Hello, I was looking to plant 10 or so Petite Pearl and Verona grapes this upcoming season. I'm curious what other people's experiences have been so for with these varieties. How long was their growing season to harvest? How many GDD to harvest? What was the brix and acid levels of the harvested grapes?

I have a spot I want to plant grapes that gets about 10 hours a day of sunlight....somewhat less in September/October. Knowing some parameters ahead of time may be useful to support my decision to use these varieties. I know success is driven by a lot of factors, especially soil and location, but I wanted to get a sense of the art of the possible before jumping right in.

The growing season here runs about 150-160 days between first and last frost. Soil testing checked a lot of the boxes for grape growing. My biggest concern is having enough sunlight available to ripen the grapes sufficiently and length of season. 

Crimson Pearl is also in consideration if available. I'm just not sure how much knowledge of this variety is out there just yet.
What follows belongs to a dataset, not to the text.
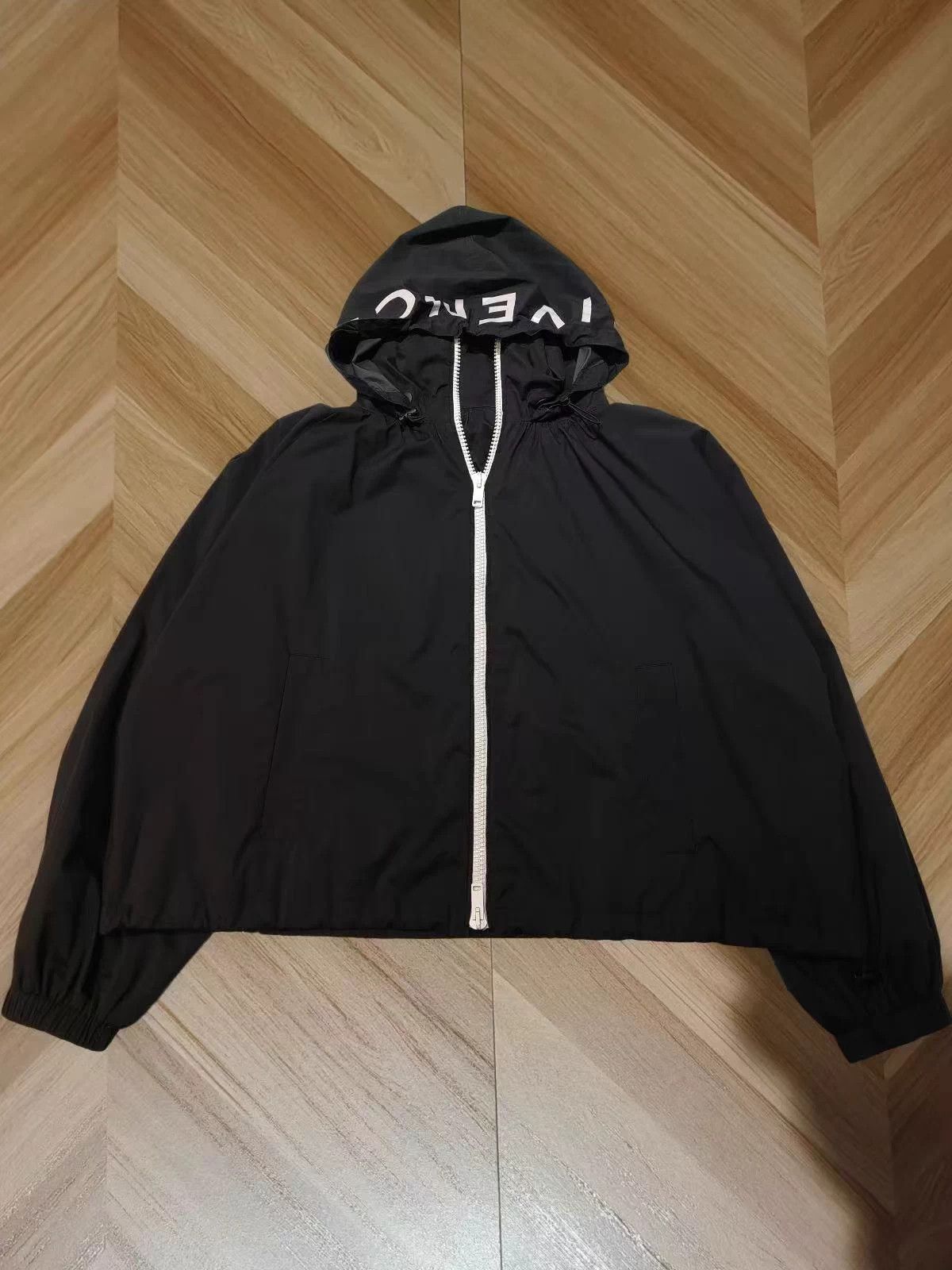 Givenchy Givenchy like new 175/80kg jacket Size XS / US 0-2 / IT 36-38 - 1 Thumbnail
T.P. 1-1-12 may be promising if/when it's released for sale.


----------



## treesaver (Oct 12, 2018)

I can't speak for petite pearl, but verona has hardly been out long enough for growers to be able to help you much. I had 26 vines that were two leaf being trained to trellis, when an airplane sprayed a pasture to the west of me. It outright killed three plants, and set the others back so bad, I am scared I'll lose somemore over winter. I had left a couple clusters on the most vigorous plants to play with, but pruned them off when they got sprayed. Maybe someone else had better luck! Lee


----------



## Masbustelo (Oct 12, 2018)

I have both PP and Verona. Next year will be the first year that anyone harvests Verona. Depending on the month I don't get more than ten hours of sun. For the most part grape growers East of the Mississippi had a horrible climactic year. Way to much rain. I harvested some PP last year that was 24 brix, 3.4 and .60 TA. I'm very pleased with that wine. This year mine got to 20 brix, and then tons of rain. You should have long enough of a season.


----------



## BigH (Oct 14, 2018)

Petite Pearl
* *2018: *23.2 brix, 3.35 pH. Harvested at 3127 GDD. 126 days from bud break to harvest
* *2017: *24.8 brix, 3.29 pH. Harvested at 2970 GDD. 141 days from bud break to harvest

My veronas are still babies
H


----------